Published January 10, 2013, 07:02 AM

OPINION: Time to look at SDHSAA

The last few years shows the SDHSAA has little concern for the needs of its member schools and the taxpayer supported high school activities in this state.

By: Editorial board, Watertown Public Opinion

Brandon Valley made the decision for Watertown recently when it came to deciding which classification in football the schools will compete in next fall. Brandon Valley decided to move to the new Class 11AAA which means Watertown should be able to stay in Class 11AA.

The S.D. High School Activities Association (SDHSAA) is adding a third classification in football for the state’s largest schools.

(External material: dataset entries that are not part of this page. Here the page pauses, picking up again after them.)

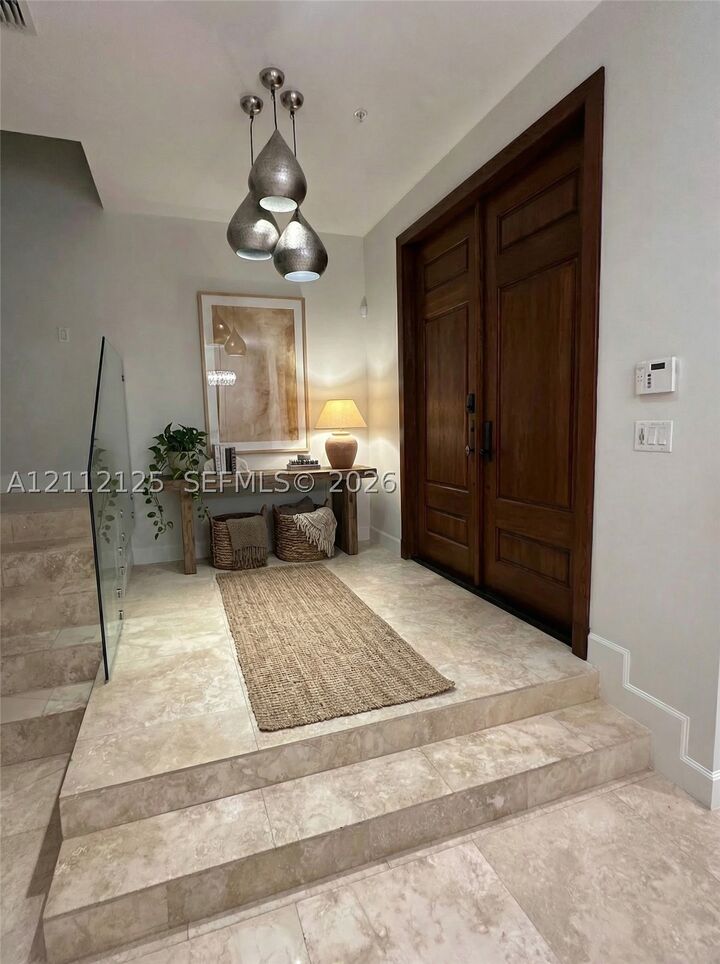 Property Photo: 7560 SW 56th Ct FL 33143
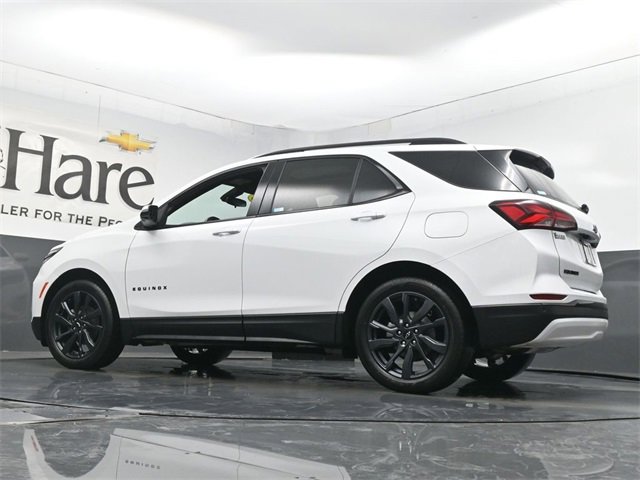 Used 2024 Chevrolet Equinox RS w/ RS Leather Package image 54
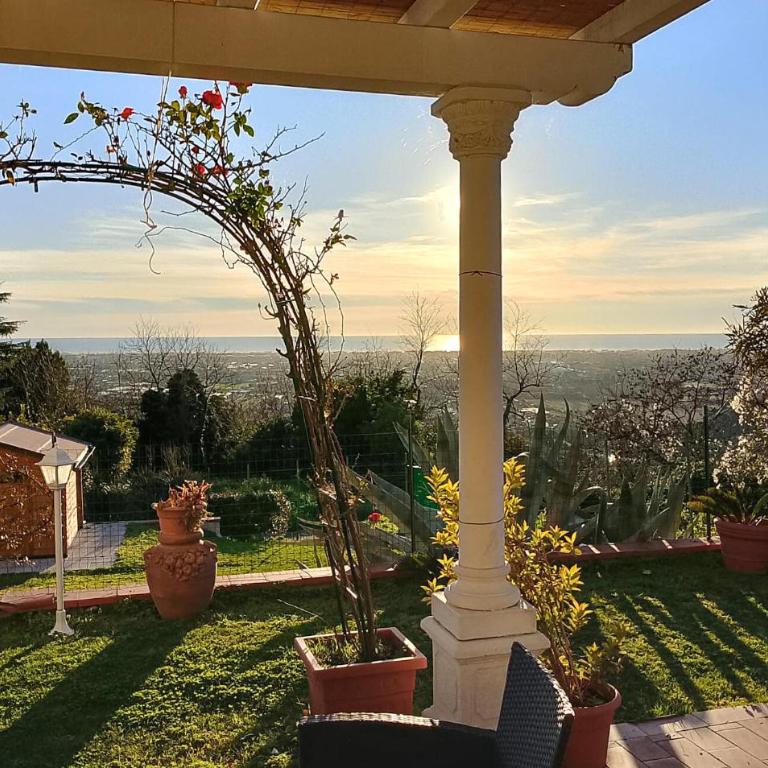 Splendida Casa A Camaiore Con Vista Mare - Casa Vacanze con 2 Camere da Letto - 3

The SDHSAA wants eight teams in AAA, meaning three spots need to be filled beyond the five largest schools — three in Sioux Falls and two in Rapid City. Aberdeen Central is the next largest school, so it is in, followed by Watertown and Brandon Valley.

However, S.F. O’Gorman has said it wants to join Class AAA. That means one of the eight could move down. Brandon Valley, a fast growing Sioux Falls suburb, had the first choice to move or stay, and they opted to stay. Their decision makes Watertown’s petition to stay in Class AA null and void. There is now a spot for Watertown in the lower division.

Watertown has been consistent from the get-go that it wants no part of the larger classification at this time.

The reasons are many. But this decision (adding a seventh FB class in South Dakota) is just the latest move by the SDHSAA that concerns the Watertown School Board.

This editorial board feels the same. The last few years shows the SDHSAA has little concern for the needs of its member schools and the taxpayer supported high school activities in this state.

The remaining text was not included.